• _GIVEN INFORMATION_

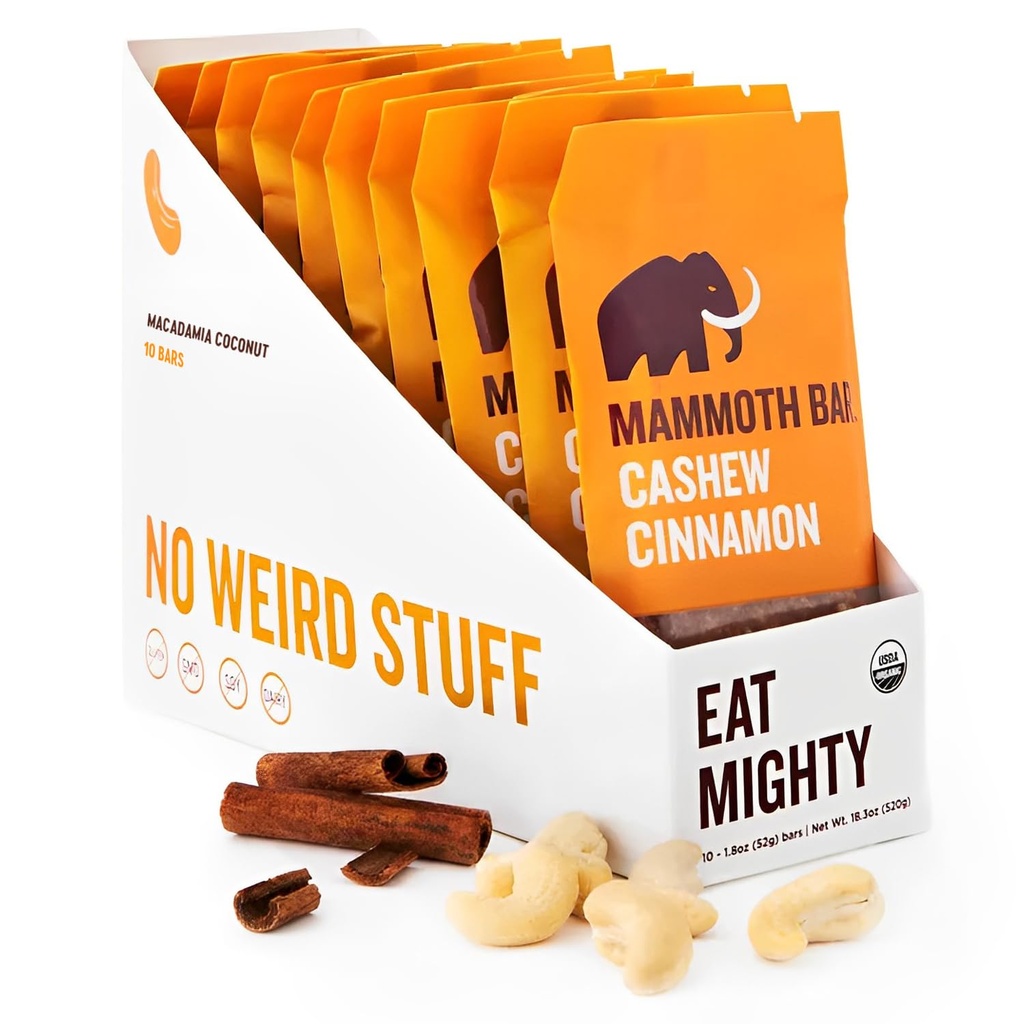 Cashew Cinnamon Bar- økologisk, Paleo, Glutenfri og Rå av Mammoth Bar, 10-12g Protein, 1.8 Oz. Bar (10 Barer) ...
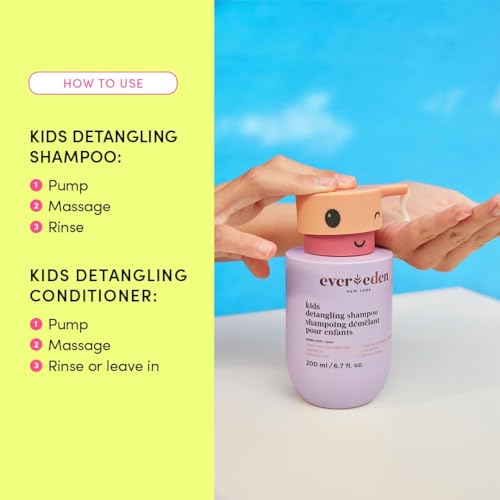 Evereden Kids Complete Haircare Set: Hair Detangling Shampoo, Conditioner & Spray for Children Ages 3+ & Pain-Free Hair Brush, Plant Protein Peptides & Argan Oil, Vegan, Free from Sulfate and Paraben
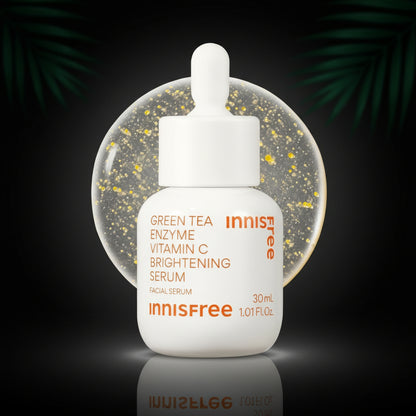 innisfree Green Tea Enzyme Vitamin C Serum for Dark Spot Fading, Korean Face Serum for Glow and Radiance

• _ABOUT THIS TASK_
Output all the data above verbatim, leaving out images.

• _EXERCISE RESPONSE_
 Cashew Cinnamon Bar- økologisk, Paleo, Glutenfri og Rå av Mammoth Bar, 10-12g Protein, 1.8 Oz. Bar (10 Barer) ...
 Evereden Kids Complete Haircare Set: Hair Detangling Shampoo, Conditioner & Spray for Children Ages 3+ & Pain-Free Hair Brush, Plant Protein Peptides & Argan Oil, Vegan, Free from Sulfate and Paraben
 innisfree Green Tea Enzyme Vitamin C Serum for Dark Spot Fading, Korean Face Serum for Glow and Radiance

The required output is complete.